- **Dataset extract**:
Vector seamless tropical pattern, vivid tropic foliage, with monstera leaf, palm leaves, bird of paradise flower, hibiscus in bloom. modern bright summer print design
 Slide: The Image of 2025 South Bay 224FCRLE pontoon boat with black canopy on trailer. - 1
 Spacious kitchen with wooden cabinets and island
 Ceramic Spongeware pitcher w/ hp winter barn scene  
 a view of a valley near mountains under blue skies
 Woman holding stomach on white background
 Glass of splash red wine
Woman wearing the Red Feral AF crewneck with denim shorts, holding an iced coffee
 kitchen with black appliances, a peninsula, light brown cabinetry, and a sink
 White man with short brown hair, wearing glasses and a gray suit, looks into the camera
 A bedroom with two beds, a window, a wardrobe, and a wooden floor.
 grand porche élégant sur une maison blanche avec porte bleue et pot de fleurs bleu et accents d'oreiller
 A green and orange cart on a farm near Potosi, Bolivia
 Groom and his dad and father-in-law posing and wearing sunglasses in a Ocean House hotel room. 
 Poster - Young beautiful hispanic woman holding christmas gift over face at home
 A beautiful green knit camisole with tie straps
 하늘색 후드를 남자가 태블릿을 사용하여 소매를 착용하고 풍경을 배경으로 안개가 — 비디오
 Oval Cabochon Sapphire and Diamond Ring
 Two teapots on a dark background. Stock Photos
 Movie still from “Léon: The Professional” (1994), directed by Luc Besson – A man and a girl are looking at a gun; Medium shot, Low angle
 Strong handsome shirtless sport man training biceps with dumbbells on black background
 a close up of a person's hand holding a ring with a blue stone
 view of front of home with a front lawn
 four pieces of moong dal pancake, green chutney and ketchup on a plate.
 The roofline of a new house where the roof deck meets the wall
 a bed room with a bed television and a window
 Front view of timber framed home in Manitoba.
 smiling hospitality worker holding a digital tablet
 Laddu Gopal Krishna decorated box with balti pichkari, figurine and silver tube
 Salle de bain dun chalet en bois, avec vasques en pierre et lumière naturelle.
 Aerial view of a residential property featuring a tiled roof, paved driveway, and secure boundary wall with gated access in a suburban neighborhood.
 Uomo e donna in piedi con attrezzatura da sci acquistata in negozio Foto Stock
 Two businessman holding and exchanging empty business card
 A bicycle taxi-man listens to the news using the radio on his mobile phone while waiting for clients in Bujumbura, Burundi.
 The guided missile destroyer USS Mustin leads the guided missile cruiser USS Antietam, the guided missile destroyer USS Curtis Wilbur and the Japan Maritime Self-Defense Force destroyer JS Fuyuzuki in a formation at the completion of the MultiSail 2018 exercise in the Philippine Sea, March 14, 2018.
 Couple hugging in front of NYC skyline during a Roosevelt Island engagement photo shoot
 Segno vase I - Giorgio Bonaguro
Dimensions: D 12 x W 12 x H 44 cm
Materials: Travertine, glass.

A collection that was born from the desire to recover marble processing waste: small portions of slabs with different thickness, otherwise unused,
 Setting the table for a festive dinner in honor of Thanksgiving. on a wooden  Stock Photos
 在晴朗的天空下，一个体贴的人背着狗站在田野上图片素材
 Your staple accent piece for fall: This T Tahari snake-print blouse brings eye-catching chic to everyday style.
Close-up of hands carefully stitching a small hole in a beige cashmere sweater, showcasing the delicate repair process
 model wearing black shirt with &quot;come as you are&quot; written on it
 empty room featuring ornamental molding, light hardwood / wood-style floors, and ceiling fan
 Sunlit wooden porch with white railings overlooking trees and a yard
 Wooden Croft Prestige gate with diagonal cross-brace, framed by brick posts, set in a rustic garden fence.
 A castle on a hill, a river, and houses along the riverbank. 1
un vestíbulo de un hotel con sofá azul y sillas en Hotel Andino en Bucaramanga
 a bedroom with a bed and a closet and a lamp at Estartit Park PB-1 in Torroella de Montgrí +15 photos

- **Your instructions**:
Reproduce every line of the material exactly.

- **Finished task**:
Vector seamless tropical pattern, vivid tropic foliage, with monstera leaf, palm leaves, bird of paradise flower, hibiscus in bloom. modern bright summer print design
 Slide: The Image of 2025 South Bay 224FCRLE pontoon boat with black canopy on trailer. - 1
 Spacious kitchen with wooden cabinets and island
 Ceramic Spongeware pitcher w/ hp winter barn scene  
 a view of a valley near mountains under blue skies
 Woman holding stomach on white background
 Glass of splash red wine
Woman wearing the Red Feral AF crewneck with denim shorts, holding an iced coffee
 kitchen with black appliances, a peninsula, light brown cabinetry, and a sink
 White man with short brown hair, wearing glasses and a gray suit, looks into the camera
 A bedroom with two beds, a window, a wardrobe, and a wooden floor.
 grand porche élégant sur une maison blanche avec porte bleue et pot de fleurs bleu et accents d'oreiller
 A green and orange cart on a farm near Potosi, Bolivia
 Groom and his dad and father-in-law posing and wearing sunglasses in a Ocean House hotel room. 
 Poster - Young beautiful hispanic woman holding christmas gift over face at home
 A beautiful green knit camisole with tie straps
 하늘색 후드를 남자가 태블릿을 사용하여 소매를 착용하고 풍경을 배경으로 안개가 — 비디오
 Oval Cabochon Sapphire and Diamond Ring
 Two teapots on a dark background. Stock Photos
 Movie still from “Léon: The Professional” (1994), directed by Luc Besson – A man and a girl are looking at a gun; Medium shot, Low angle
 Strong handsome shirtless sport man training biceps with dumbbells on black background
 a close up of a person's hand holding a ring with a blue stone
 view of front of home with a front lawn
 four pieces of moong dal pancake, green chutney and ketchup on a plate.
 The roofline of a new house where the roof deck meets the wall
 a bed room with a bed television and a window
 Front view of timber framed home in Manitoba.
 smiling hospitality worker holding a digital tablet
 Laddu Gopal Krishna decorated box with balti pichkari, figurine and silver tube
 Salle de bain dun chalet en bois, avec vasques en pierre et lumière naturelle.
 Aerial view of a residential property featuring a tiled roof, paved driveway, and secure boundary wall with gated access in a suburban neighborhood.
 Uomo e donna in piedi con attrezzatura da sci acquistata in negozio Foto Stock
 Two businessman holding and exchanging empty business card
 A bicycle taxi-man listens to the news using the radio on his mobile phone while waiting for clients in Bujumbura, Burundi.
 The guided missile destroyer USS Mustin leads the guided missile cruiser USS Antietam, the guided missile destroyer USS Curtis Wilbur and the Japan Maritime Self-Defense Force destroyer JS Fuyuzuki in a formation at the completion of the MultiSail 2018 exercise in the Philippine Sea, March 14, 2018.
 Couple hugging in front of NYC skyline during a Roosevelt Island engagement photo shoot
 Segno vase I - Giorgio Bonaguro
Dimensions: D 12 x W 12 x H 44 cm
Materials: Travertine, glass.

A collection that was born from the desire to recover marble processing waste: small portions of slabs with different thickness, otherwise unused,
 Setting the table for a festive dinner in honor of Thanksgiving. on a wooden  Stock Photos
 在晴朗的天空下，一个体贴的人背着狗站在田野上图片素材
 Your staple accent piece for fall: This T Tahari snake-print blouse brings eye-catching chic to everyday style.
Close-up of hands carefully stitching a small hole in a beige cashmere sweater, showcasing the delicate repair process
 model wearing black shirt with &quot;come as you are&quot; written on it
 empty room featuring ornamental molding, light hardwood / wood-style floors, and ceiling fan
 Sunlit wooden porch with white railings overlooking trees and a yard
 Wooden Croft Prestige gate with diagonal cross-brace, framed by brick posts, set in a rustic garden fence.
 A castle on a hill, a river, and houses along the riverbank. 1
un vestíbulo de un hotel con sofá azul y sillas en Hotel Andino en Bucaramanga
 a bedroom with a bed and a closet and a lamp at Estartit Park PB-1 in Torroella de Montgrí +15 photos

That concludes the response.